**Available records**
-*-*-

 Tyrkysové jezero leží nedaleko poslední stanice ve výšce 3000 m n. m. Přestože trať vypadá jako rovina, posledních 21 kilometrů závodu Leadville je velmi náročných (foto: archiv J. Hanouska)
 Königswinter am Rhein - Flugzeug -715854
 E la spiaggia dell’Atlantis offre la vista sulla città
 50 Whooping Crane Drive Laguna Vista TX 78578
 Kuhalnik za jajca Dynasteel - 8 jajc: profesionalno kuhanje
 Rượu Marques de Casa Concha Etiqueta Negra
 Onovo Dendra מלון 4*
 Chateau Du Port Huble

-*-*-

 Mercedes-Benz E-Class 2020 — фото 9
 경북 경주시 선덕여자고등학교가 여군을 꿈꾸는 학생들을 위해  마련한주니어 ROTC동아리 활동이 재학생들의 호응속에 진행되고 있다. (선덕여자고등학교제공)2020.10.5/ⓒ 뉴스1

-*-*-

**Requirement**
Copy word for word the stretch of entries above from the line that has "E la spiaggia" through the line that has "Chateau Du Port Huble", both ends included, and nothing outside it.

**Task output**
 E la spiaggia dell’Atlantis offre la vista sulla città
 50 Whooping Crane Drive Laguna Vista TX 78578
 Kuhalnik za jajca Dynasteel - 8 jajc: profesionalno kuhanje
 Rượu Marques de Casa Concha Etiqueta Negra
 Onovo Dendra מלון 4*
 Chateau Du Port Huble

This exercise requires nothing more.